■ Web page caption snippets:

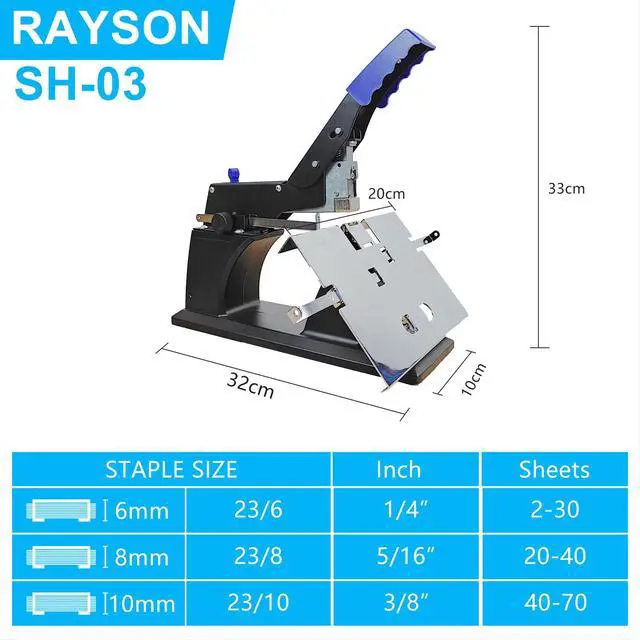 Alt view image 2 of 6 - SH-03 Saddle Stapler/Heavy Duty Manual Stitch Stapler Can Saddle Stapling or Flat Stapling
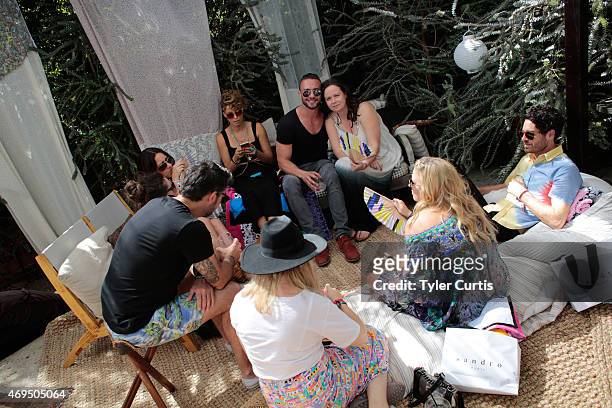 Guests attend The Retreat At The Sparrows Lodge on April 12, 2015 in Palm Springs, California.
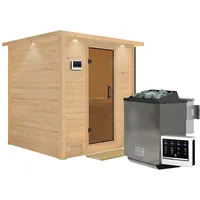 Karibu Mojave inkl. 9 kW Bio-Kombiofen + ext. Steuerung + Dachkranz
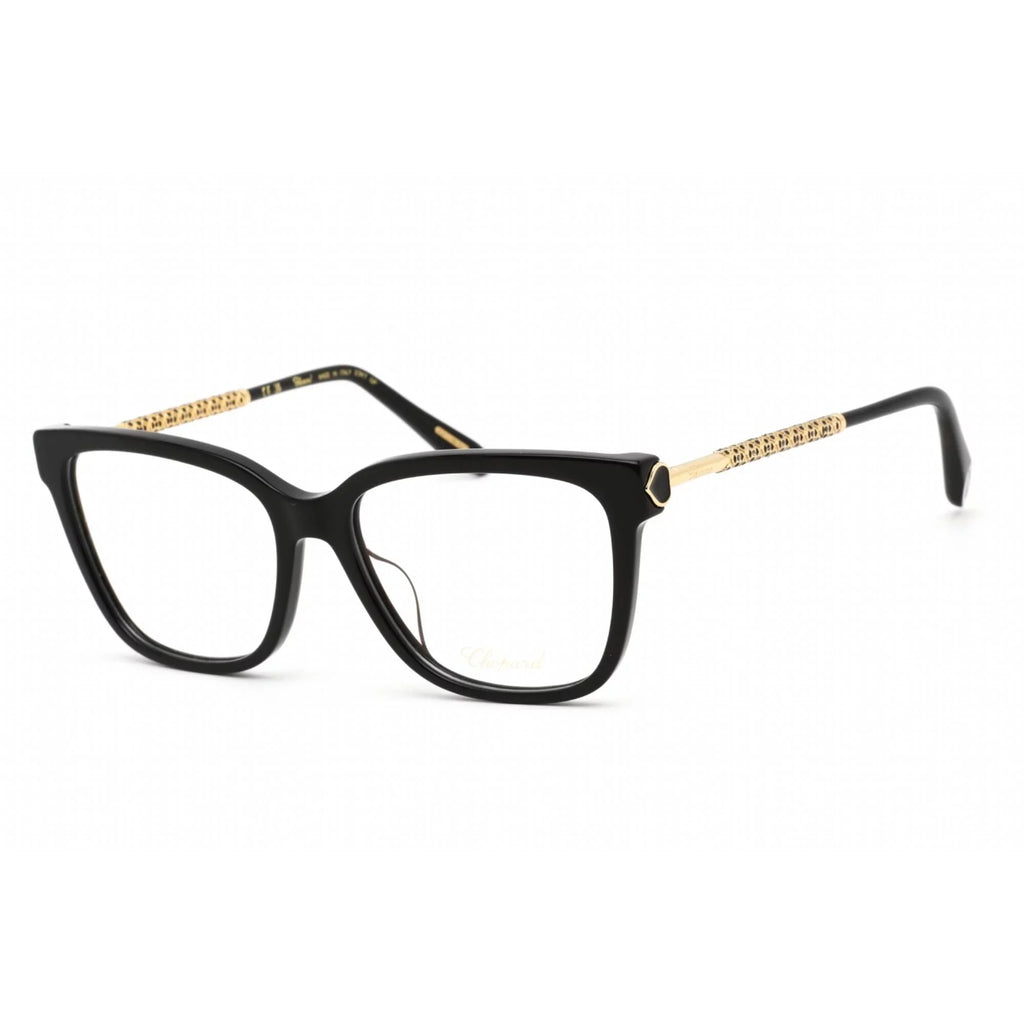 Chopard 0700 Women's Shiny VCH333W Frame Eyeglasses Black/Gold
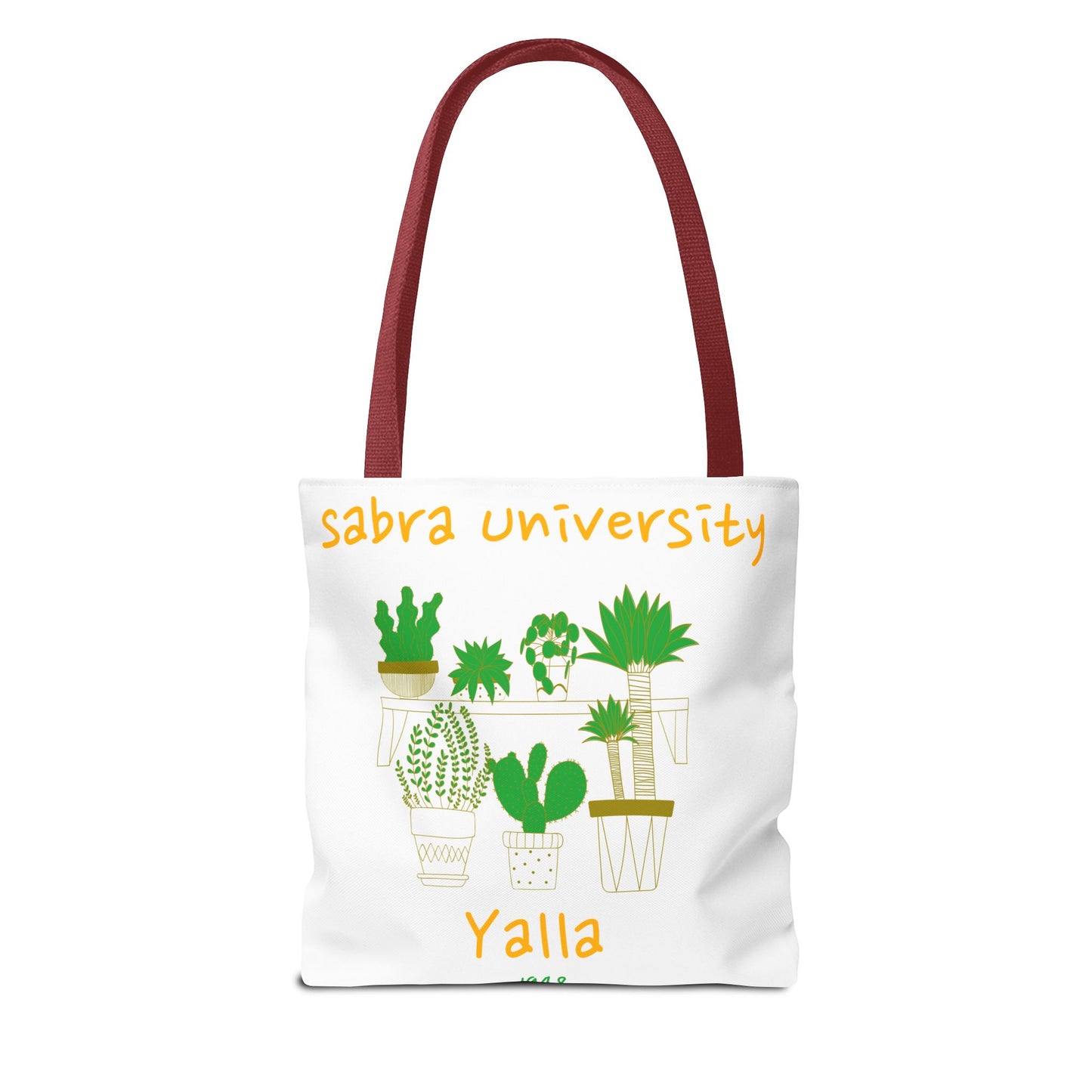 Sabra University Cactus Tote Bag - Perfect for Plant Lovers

■ TASK GOAL:
Your reply should hold only the lines running from the one with "Chopard 0700 Women's" to the end of the data above, set down exactly, pictures omitted.

■ RESPONSE TO THIS EXERCISE:
 Chopard 0700 Women's Shiny VCH333W Frame Eyeglasses Black/Gold
 Sabra University Cactus Tote Bag - Perfect for Plant Lovers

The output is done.